The construction of the “back door” that links the Great Lakes to the Mississippi watershed — which drains 40% of the continental United States — was completed in 1848. This safeguarded the water supply for Chicago, Illinois, by sending sewage down the Mississippi River rather than into Lake Michigan. With it, the Great Lakes have become vulnerable to yet more invasive species, most notably the Asian carp that have overrun the Mississippi watershed.

We are still far from a solution, as Egan shows. Record-shattering extremes have abounded over the past decade across the Great Lakes, ranging from record low water levels immediately followed by record high ice cover and rises in lake levels, to massive 'dead zones' of hypoxia — low oxygen — and harmful algal blooms. One bloom shut down the water supply in Toledo, Ohio, for two days in 2014.

Egan weaves solid quantitative scientific information into a narrative rich with tales of individuals who have spearheaded engineering projects, witnessed their consequences or studied their implications. This leaves the reader with a trove of knowledge, told like a great story rather than an academic lecture. I did wish for a few maps, pictures or diagrams to illustrate key ideas and to introduce the invasive protagonists. A deeper exploration of parallels with the expansion of non-native species in other parts of the world would also have been welcome, and links to water quality, fluctuating lake levels and climate change felt a bit tangential in places. Overall, however, the book is an impeccably researched portrayal of a fascinating story.

The path ahead is perhaps best illustrated by two quotes that Egan cites.
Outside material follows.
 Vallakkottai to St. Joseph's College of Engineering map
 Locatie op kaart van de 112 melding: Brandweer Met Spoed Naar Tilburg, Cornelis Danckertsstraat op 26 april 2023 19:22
In 1995, Ismail Serageldin, then World Bank vice-president, opined that “the wars of this century have been fought over oil, and the wars of the next century will be on water”. The US naturalist Aldo Leopold wrote in the 1940s that “a thing is right when it tends to preserve the integrity, stability and beauty of the biotic community”. This book is a reminder that human communities are part of the broader biotic community; it enjoins us to choose Leopold's vision, for the Great Lakes and beyond.